***** SUPPLIED MATERIAL

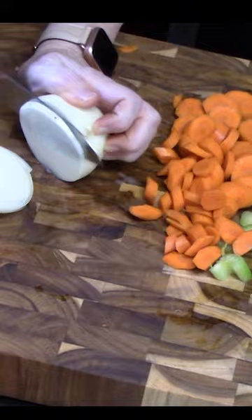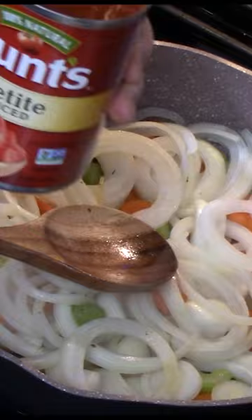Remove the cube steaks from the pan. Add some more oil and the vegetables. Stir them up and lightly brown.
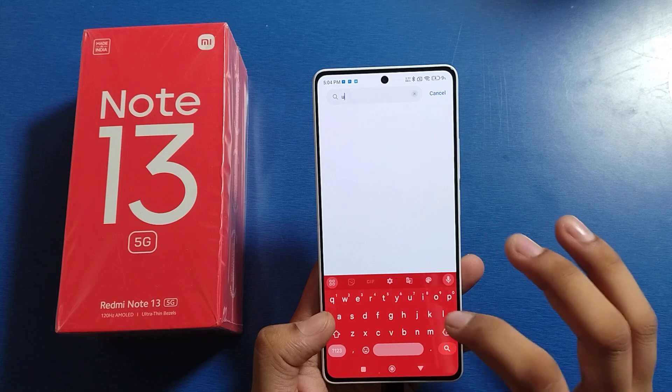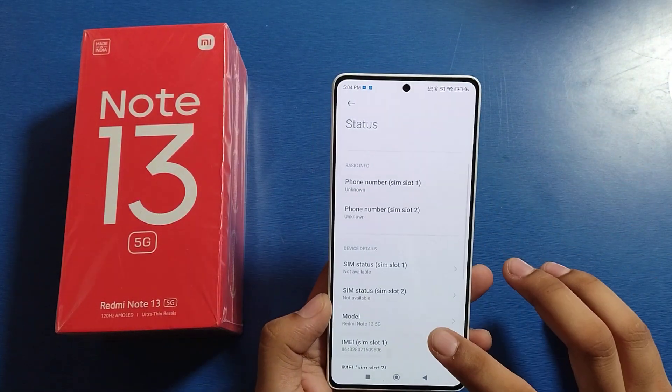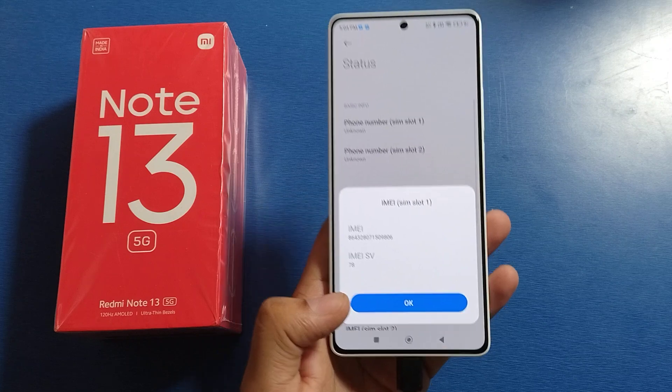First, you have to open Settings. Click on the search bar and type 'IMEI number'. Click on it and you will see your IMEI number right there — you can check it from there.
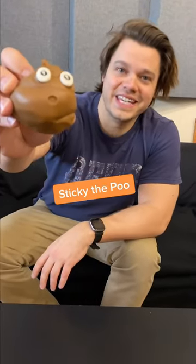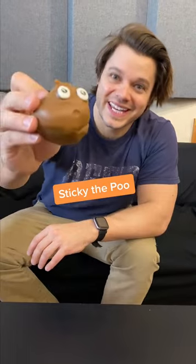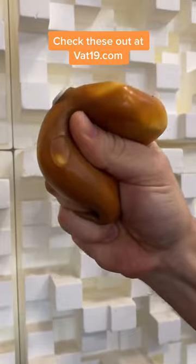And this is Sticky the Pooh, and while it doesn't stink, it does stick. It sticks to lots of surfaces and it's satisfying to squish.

**********
***** SUPPLIED MATERIAL

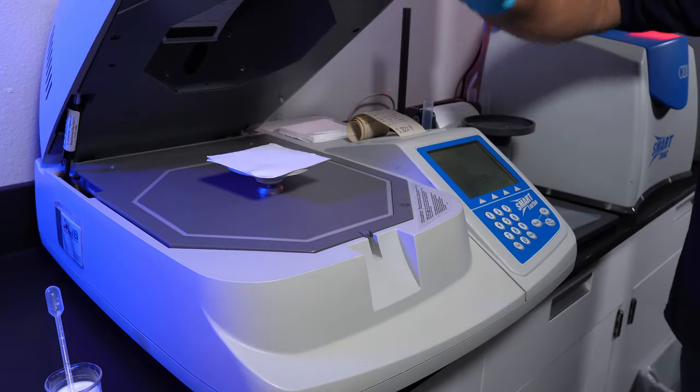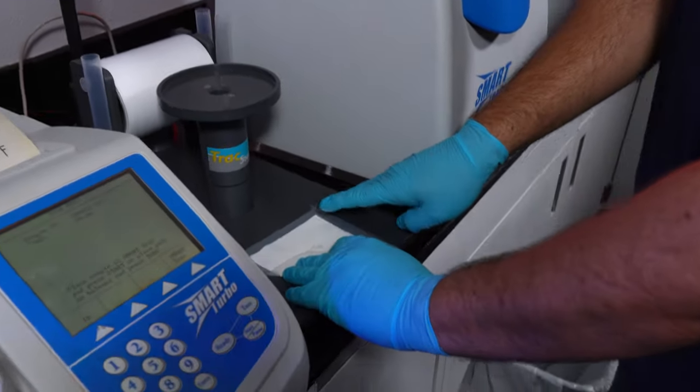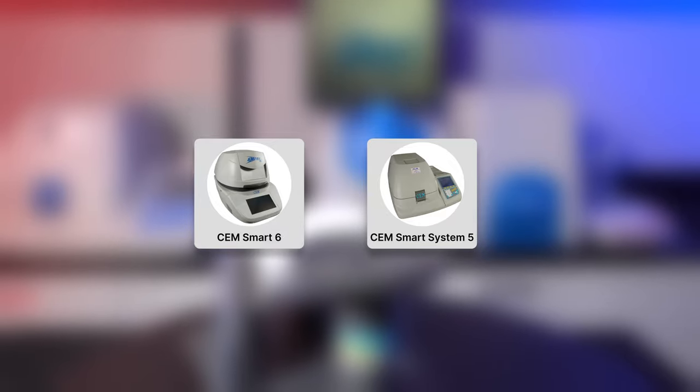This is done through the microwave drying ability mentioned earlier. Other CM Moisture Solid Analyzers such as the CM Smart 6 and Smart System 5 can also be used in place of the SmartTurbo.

**********

▶ [ASSIGNMENT] Exact repeat of the material above: every line from the one with "Remove the cube" through the one with "And this is", endpoints included, and nothing more. No pictures.

▶ [OUTPUT]
Remove the cube steaks from the pan. Add some more oil and the vegetables. Stir them up and lightly brown.
First, you have to open Settings. Click on the search bar and type 'IMEI number'. Click on it and you will see your IMEI number right there — you can check it from there.
And this is Sticky the Pooh, and while it doesn't stink, it does stick. It sticks to lots of surfaces and it's satisfying to squish.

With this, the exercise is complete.